Industria Peruana, miércoles 15 de abril de 2009
Nancy N. Yong Chung, Socia Advisory Services PricewaterhouseCoopers
En un contexto caracterizado por un ambiente de riesgos cada vez más difícil y mayores exigencias por parte de los inversores, los reguladores y las agencias de calificaciones, PricewaterhouseCoopers (PwC) afirma que muchas empresas aseguradoras y otras organizaciones de servicios financieros se están preguntando acerca de la efectividad del ERM (Administración del Riesgo Empresarial) y su capacidad de generar un retorno sobre la inversión o de satisfacer las expectativas de las partes interesadas.
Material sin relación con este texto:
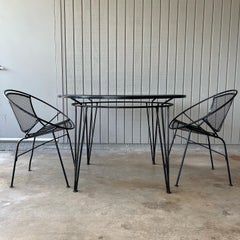 1960s iron Salterini outdoor bistro dining set, table and two chairs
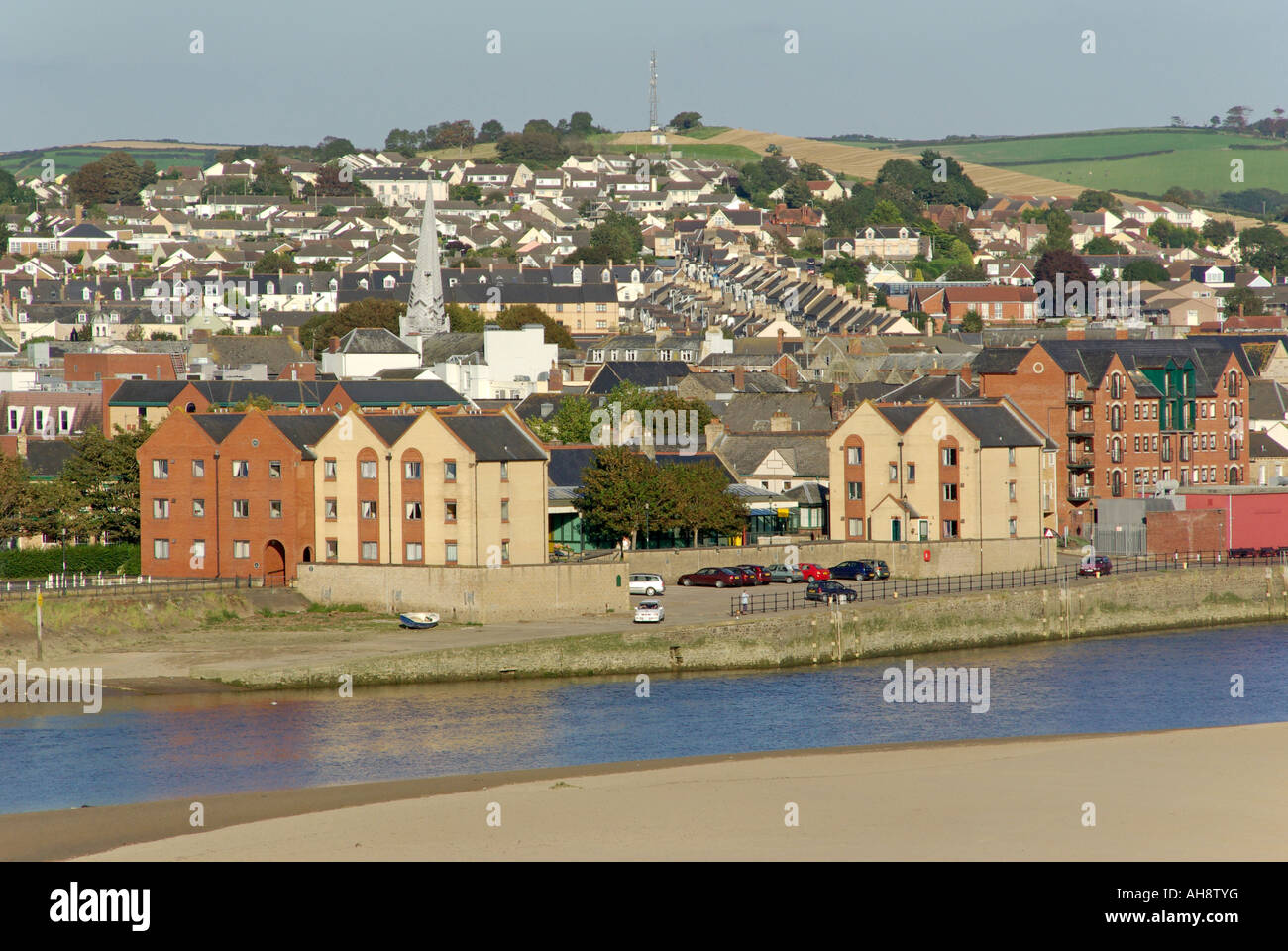 River Taw waterfront low tide at Barnstaple town modern apartment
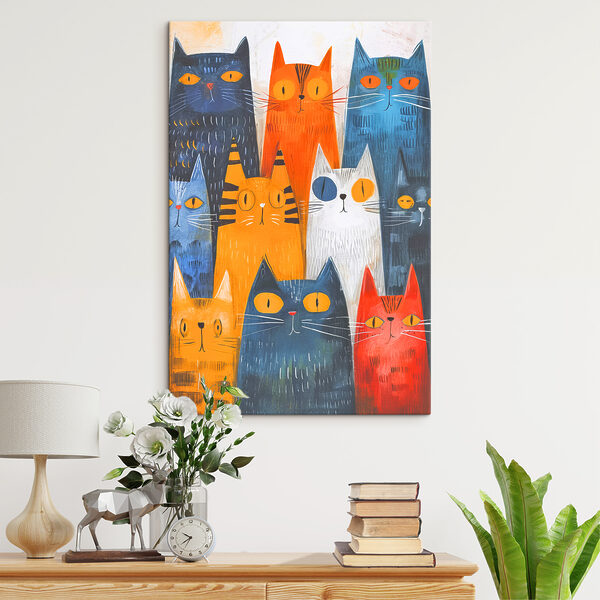 Un groupe de chats de couleurs différentes Un groupe de chats de couleurs différentes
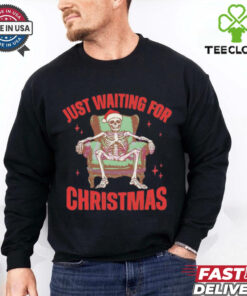 Just waiting for Christmas skeleton Santa hat shirt 1 Just waiting for Christmas skeleton Santa hat shirt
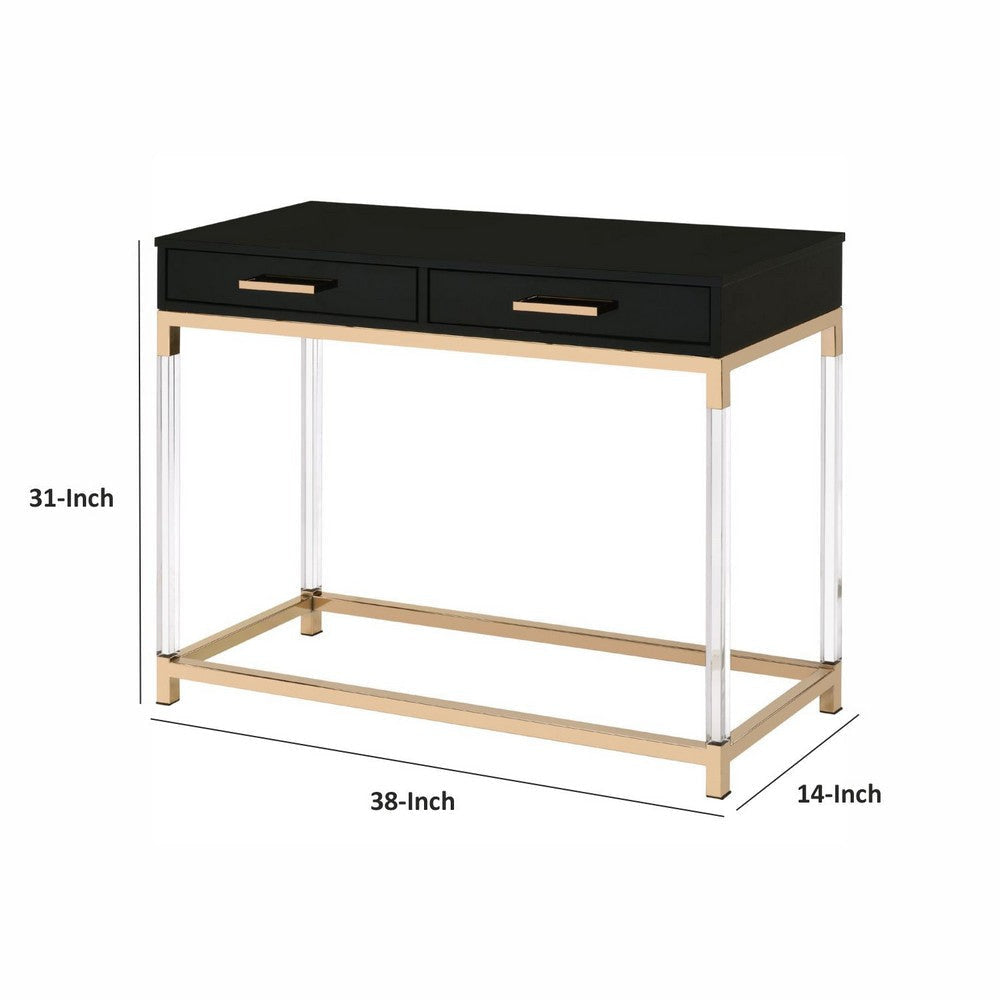 Metal Base Framed Console Table Black and Gold By Casagear Home BM250363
Específicamente en las compañías aseguradoras, el avance en términos del desarrollo e implementación de capacidades del ERM ha sido bueno. Más de un 90% de los encuestados en el 2008 indica que ha implementado programas de ERM, y que considera que ofrece una oportunidad para mejorar la toma de decisiones y aumentar el valor para el accionista. ERM también es considerada una prioridad para los directorios en la industria aseguradora en general (66% está altamente de acuerdo y 23% está ligeramente de acuerdo), y un 40% de los consultados informa tener un comité de ERM a nivel de directorio. El rol del ejecutivo a cargo de riesgo (CRO) también gana en jerarquía, con un 60% que reporta que su CRO se comunica directamente con el directorio para tratar por lo menos algunos de los temas de administración de riesgo.
No obstante, a pesar de los avances en los niveles más altos, esta encuesta efectuada por PwC en el 2008 estableció que en muchos casos ERM carece de relevancia y no es claramente comprendido por los equipos de negocios. La administración de riesgo empresarial no se encuentra totalmente incorporada a la toma de decisiones estratégicas en el día a día y la asunción de riesgo en la primera línea (“frontline risk”) en muchas compañías de seguros continúa restringida, potencialmente socavando la capacidad de resolver problemas de riesgo en ambientes más complejos cuando las expectativas de las partes interesadas son más elevadas. Menos de la mitad de los participantes en la encuesta se mostraron confiados que ERM estaba efectivamente incorporado a sus funciones de planeamiento estratégico, asignación de sus recursos, y administración de gestión.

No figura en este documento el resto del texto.